When it comes to the story that needs to be told about the experience of Africans in America (African-Americans if you will), the term “Hidden Figures” is an understatement. It is in this term that we can find ourselves, and this term we can identify with. We can remember this term from the recent movie about the NASA mathematicians Katherine Johnson, Dorothy Vaughan and Mary Jackson, who played a crucial role in launching astronaut John Glenn into outer space.
Ironically, this historical event took place in Hampton, Va. The same place where I recently visited to participate in the American Evolution Virginia to America 1619-2019 tour. I was able to visit many historical markers of the African experience in Virginia. Around this time next year, the tour will be hosting the 400-year anniversary of the first Africans’ arrival in America. As you read my recap of this experience, my hope is that you not only are inspired to attend this tour in 2019 but also are moved to research our rich history in this nation—a history that runs deeper than the valleys of the Grand Canyon. We the Africans in America were bought here by force to give white colonizers centuries of free labor from which they still profit to this very day. We are indeed the cornerstones of this nation, the builders who have been rejected.
Let’s begin at Ft. Monroe, where the tour began. On our first stop, we were able to visit the marker of the first Africans’ arrival in America. This portion of our tour was led by Terry Brown, superintendent of the Fort Monroe National Monument, with assistance from his colleagues, Phyllis Terrell, director of Communications of Fort Monroe, and Glenn Oder, executive director of the Fort Monroe Authority. The marker is a symbol of the time in August 1619, when on board an English ship, the White Lion, sailing with Dutch letter of marque, 21 Africans who were captured from land that would become the country of Angola arrived as cargo to what is known today as Ft. Monroe. These Africans, who were traded for food, were the first of our ancestors to arrive in what was known as colonized English America. “These Africans became crucial to the survival of the Europeans, eventually becoming the foundation of Virginias agricultural system and essential to its economic viability,” stated American Evolution.

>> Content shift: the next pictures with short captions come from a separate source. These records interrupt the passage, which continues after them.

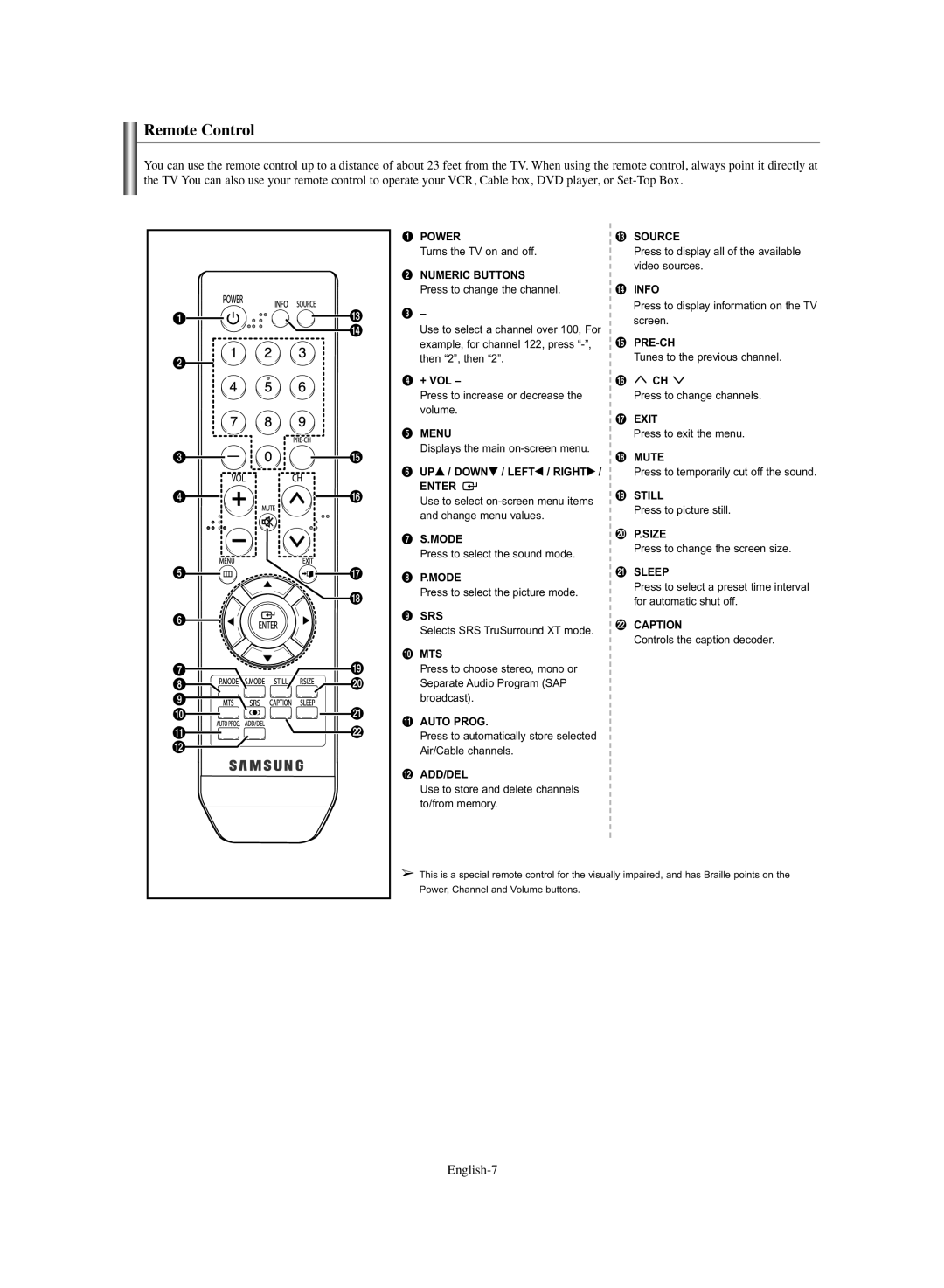 Samsung TX-S3064WR, TX-S3065WR manual Remote Control, Numeric Buttons 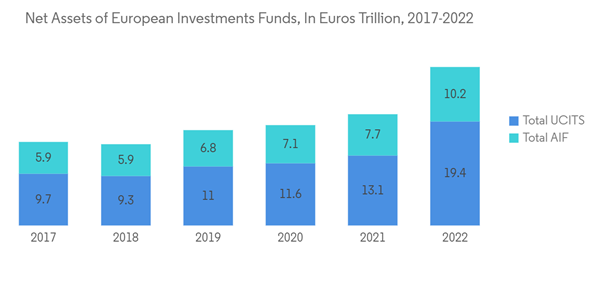Europe Mutual Fund Industry Net Assets Of European Investments Fund Europe Mutual Fund Industry Net Assets Of European Investments Fund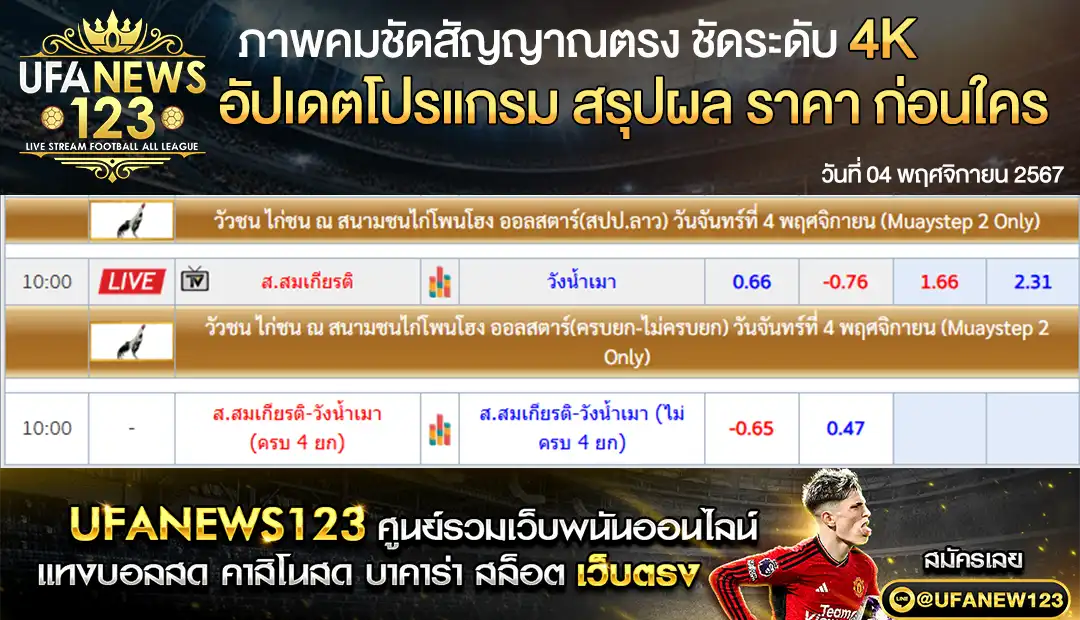 ราคาไก่ชน สนามชนไก่โพนโฮง ออลสตาร์ (สปป.ลาว) เริ่มเวลา 10.00 น. 04 พฤศจิกายน 2567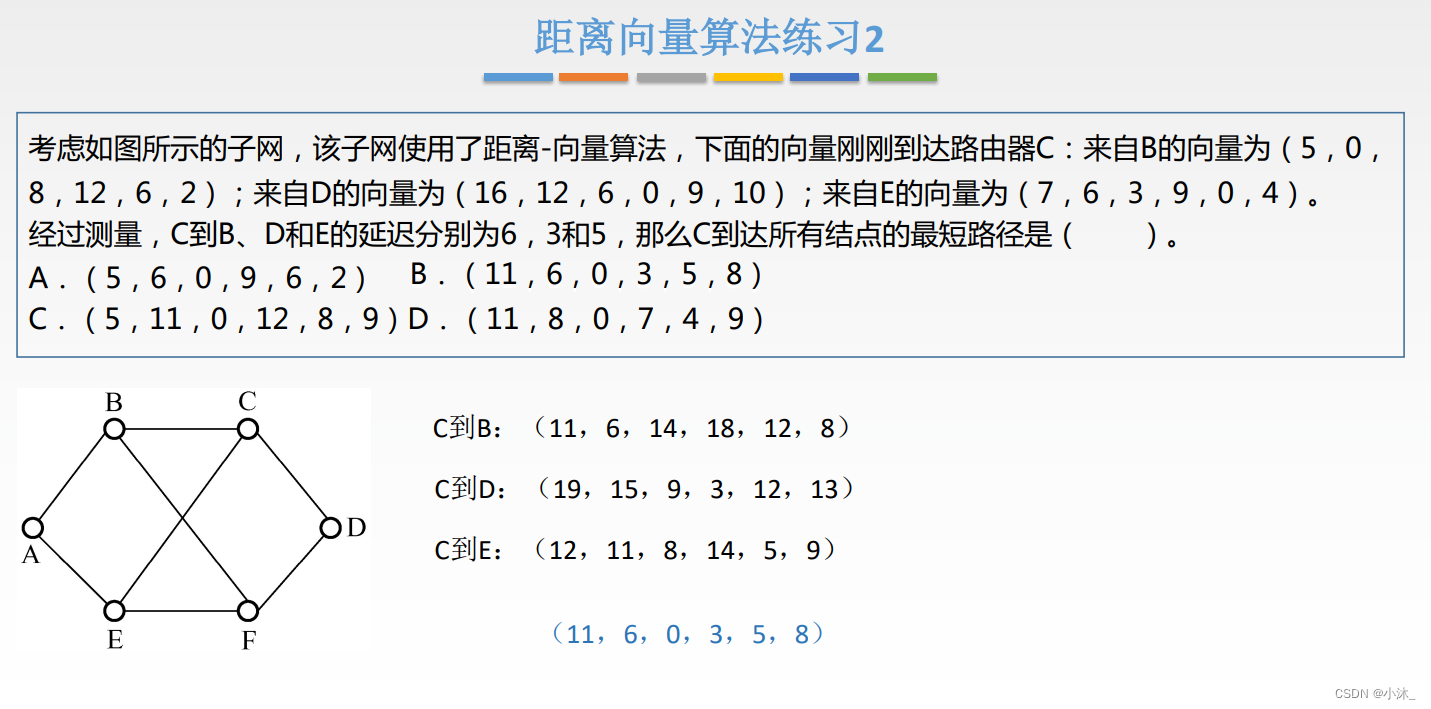 [ͼƬתʧ,Դվз,齫ͼƬֱϴ(img-t1HXoGNg-1651754751788)(C:\Users\xiaomu\AppData\Roaming\Typora\typora-user-images\1651668750479.png)]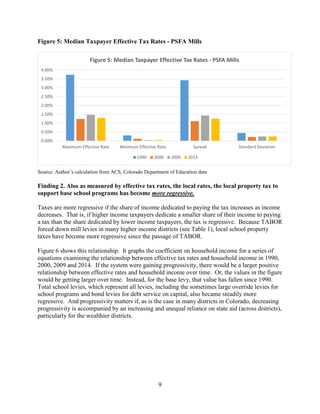 TABOR Summary | PDF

As Brown continued on through our tour, we were bought to the actual war fort, which in the year 1819, 200 after the arrival of the first Africans in colonized America, the enslaved Africans were contracted to build. We learned here that there is an account and record of every enslaved African’s work log, as well as how much profit their European “masters” made from their free labor. As we were taken down the timeline of Ft. Monroe, we also learned that 42 years after enslaved Africans built the fort, May 24, 1861, three enslaved Africans by the name of Frank Baker, Sheppard Mallory and James Townsend, on a quest for freedom set out by boat and arrived at Ft. Monroe where they asked for sanctuary. This incident occurred during the Civil War, and the Confiscation Act required all escaped slaves whose owners were not in rebellion against the Union to be returned to the individuals who claimed to own them. At this time, post commander General Benjamin Butler decided that these Africans, who were considered property by law, would be declared as contraband of rather than handed over to the emissary who came the next morning to claim them. This declaration marked the beginning of what would be known as Freedoms Fortress. As word spread through the African-American community, Ft. Monroe became the new home for many enslaved Africans searching for freedom.